The Dark Knight is the "dark second act" of the trilogy. Batman loses his ideological battle with the Joker, even if he wins the physical one. The Joker is a manifestation of the backlash that occurs when extreme methods are used to solve a problem. As Gary Oldman’s character puts it so simply at the end of Batman Begins, the Joker is “escalation”, similar to the insurgency that occurred in Iraq after the overthrow of Saddam Hussein. The criminal power vacuum in Gotham also draws parallels to the power vacuum in Iraq after Hussein’s overthrow. While you could say Batman is a Jack Bauer-esque “does what needs to be done” conservative type of hero, it is clear in The Dark Knight that those methods and that ideology is being indicted. Ultimately, at the end of the movie, Batman realizes that the people deserve more than what his methods can bring them, because his methods have failed them. While he may have inspired good people like Harvey Dent to take action in a more legal manner, the escalation he caused ultimately led to the undoing of all that good work. What Batman realizes, and tries to fix through his cover up, at the end of the movie is that he is not the right symbol for Gotham, but Dent is. Dent’s actions were the right course, because they didn’t betray the people’s trust. Dent used the system and worked within its confines, set up for a reason, in order to get the results necessary for Gotham’s well-being. Batman moved outside of that system and if he can move outside of it, then why can’t the Joker? That’s the question The Dark Knight asks. What makes us different from them? And it’s not the most delicate movie; it literally puts the words in the Joker’s mouth. The reason The Dark Knight is so devastating is because it’s meant to be the consequences to Batman’s decision to go too far.

Piling on the post-9/11 allegory, there is a component to the Joker that is eerily similar to modern day terrorists. He seems to have a cause and a point he’s trying to make, which is illustrated by his scene with Dent in the hospital: the status quo is not as good as people seem to think and people like Batman are out to preserve it, but is it really worth preserving? This combines with the idea mentioned earlier that Batman is going too far. It’s asking what Batman is going so far to protect? Is this worth protecting?

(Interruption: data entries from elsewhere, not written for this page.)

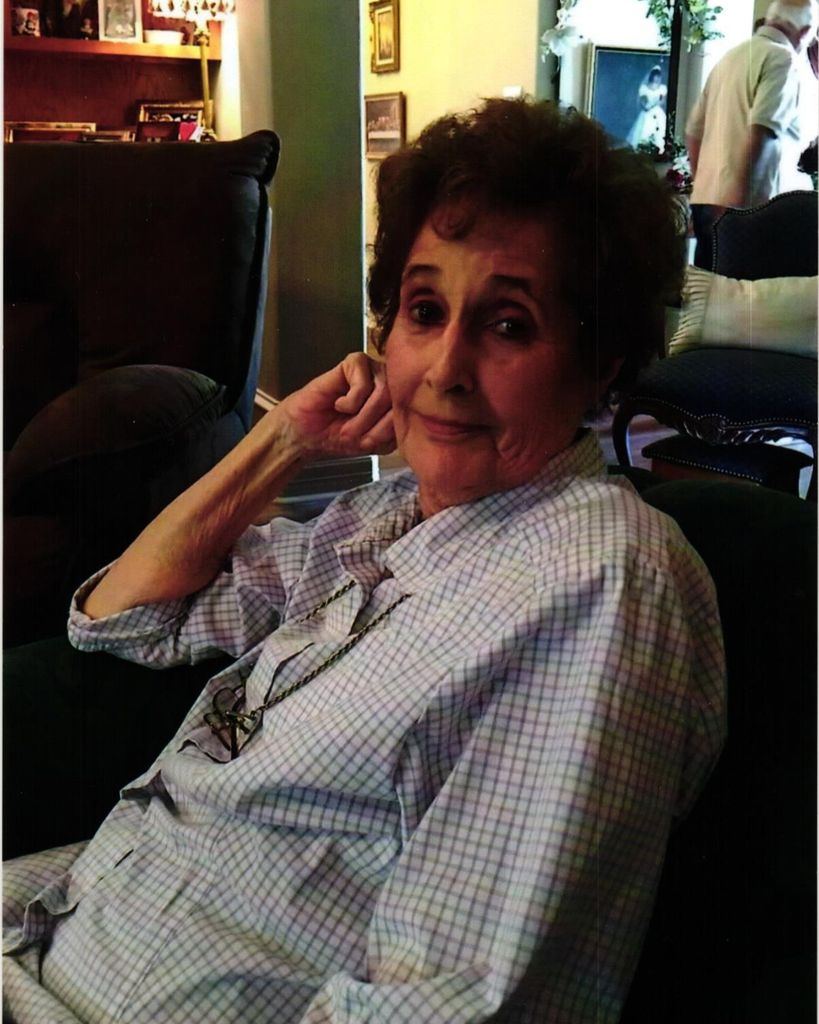 Shirlee Nimitz Guice Profile Photo
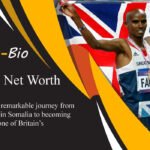 Mo Farah Net Worth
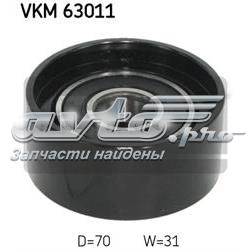 Rolka prowadząca, kierunkowa paska napędowego Honda 31190RBDE01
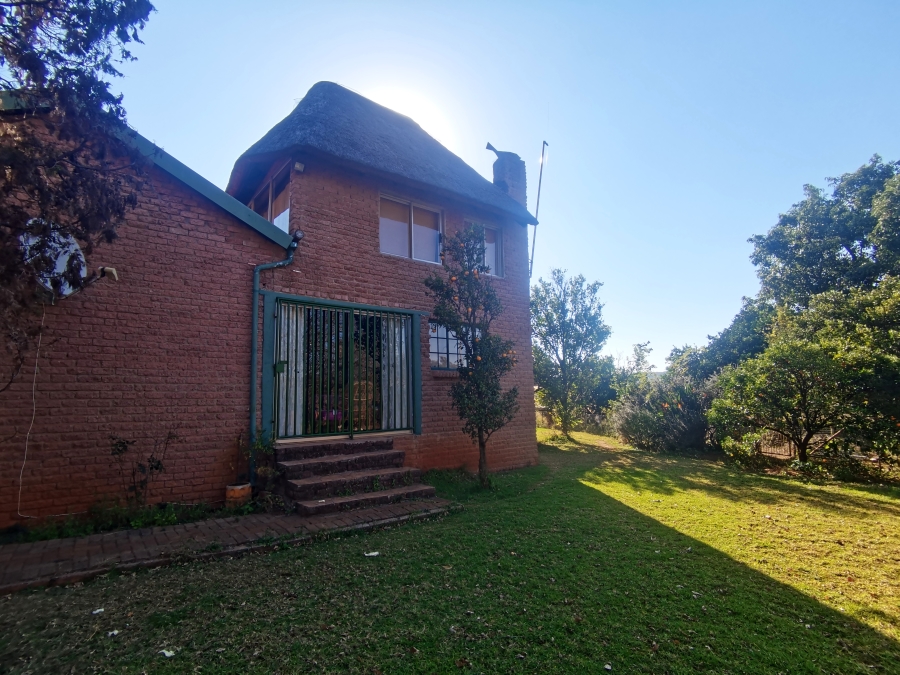 Commercial Property for Sale in Koster North West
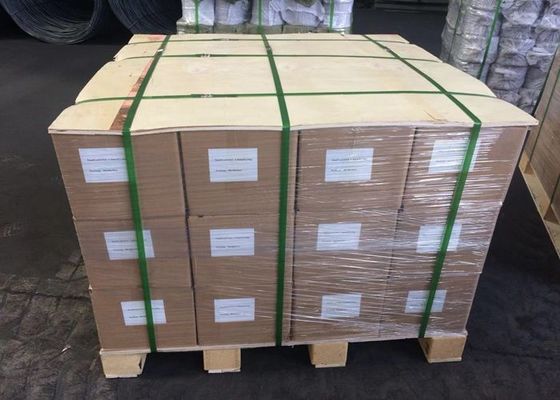 ISO9001 Durable Q195 Tie Wire For Steel Reinforcement
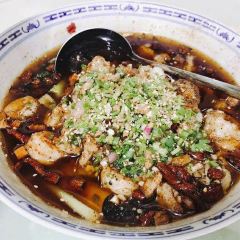 Nanhai Seafood Restaurant User Photo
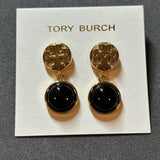 Tory Burch earrings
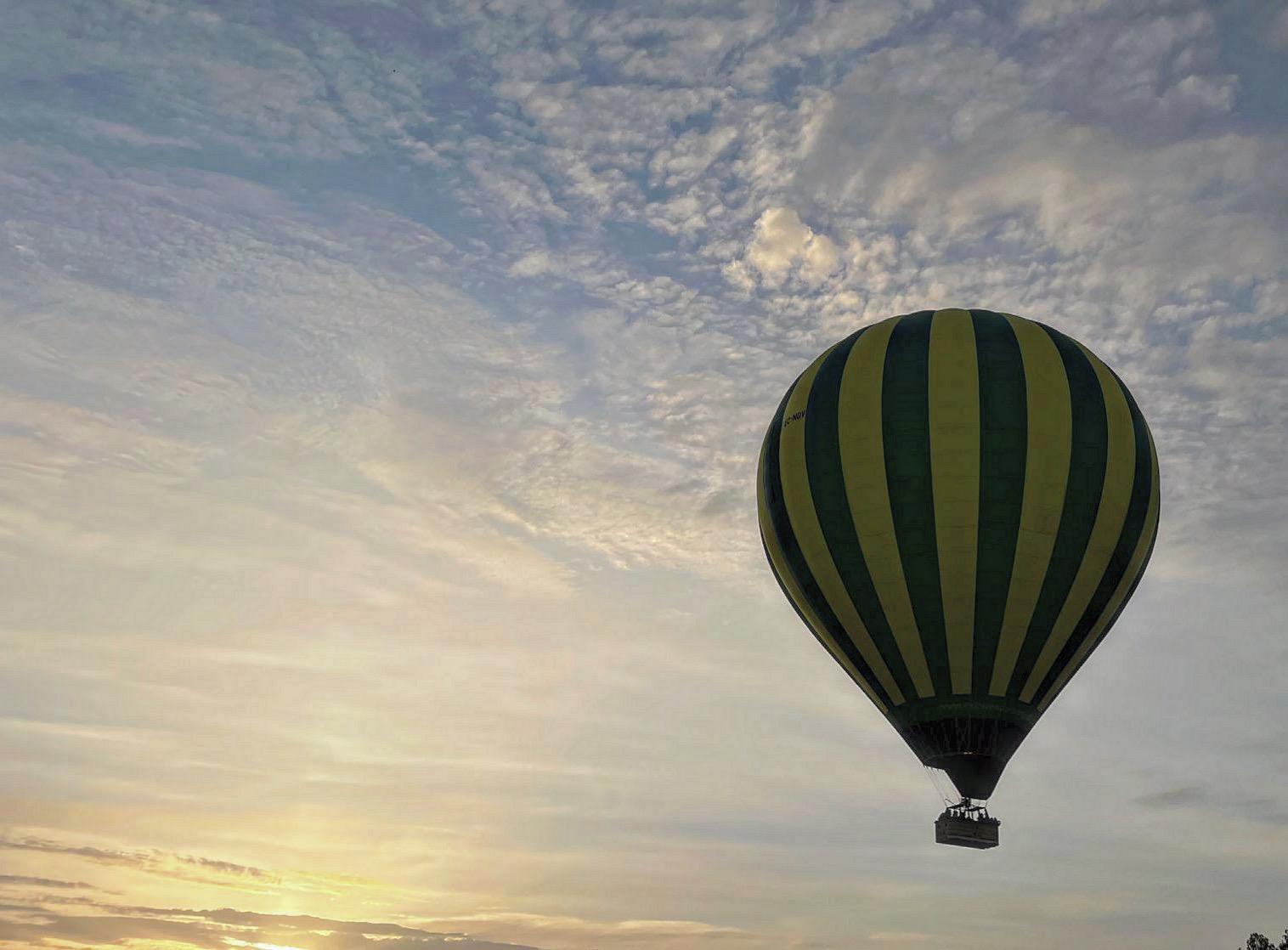 El Globo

Obviously, it is, but the Joker’s points about society’s ills aren’t entirely untrue and that’s part of what make him such a terrifying villain. Purely on speculation from trailers, I think The Dark Knight Rises is seeing that idea pervade the general populous, which is kind of what the Joker wanted to do when he influenced Harvey to take revenge. It seems like the people in The Dark Knight Rises have lost faith in the powerful institutions (and the people who run them), partially because, the trailers seem to indicate that Dent’s crimes are revealed. In this way, The Dark Knight Rises seems to be looking into our nation’s current relationship with politics, the same way The Dark Knight analyzed our relationship with national security, and the same way that Batman Begins analyzed what must be done when a situation gets so bad. Of course anything about The Dark Knight Rises is all speculation, but it’s these ideas that make The Dark Knight and the Nolan Batman series so praiseworthy. Does it have pacing issues? Yeah, it does. Is the Two-Face plot under developed? Yes it is! But that doesn’t change that it’s integral to the themes of the movie and that it makes more sense for it to be in the movie than out of it. Without it, the point isn’t expressed and it’s just another superhero movie where the hero saves the day. The fact of the matter is that The Dark Knight elevates blockbusters above your typical schlock. It gives you explosions, gun fights, men in costumes, and globe-hopping, while simultaneously grasping at real themes of what makes a hero and where we draw lines as a society. And for the record, I think Eckhart acts the hell out of his role to the point where he’s able to move past some of the pacing issues with his plot and really sell his transformation and descent into madness.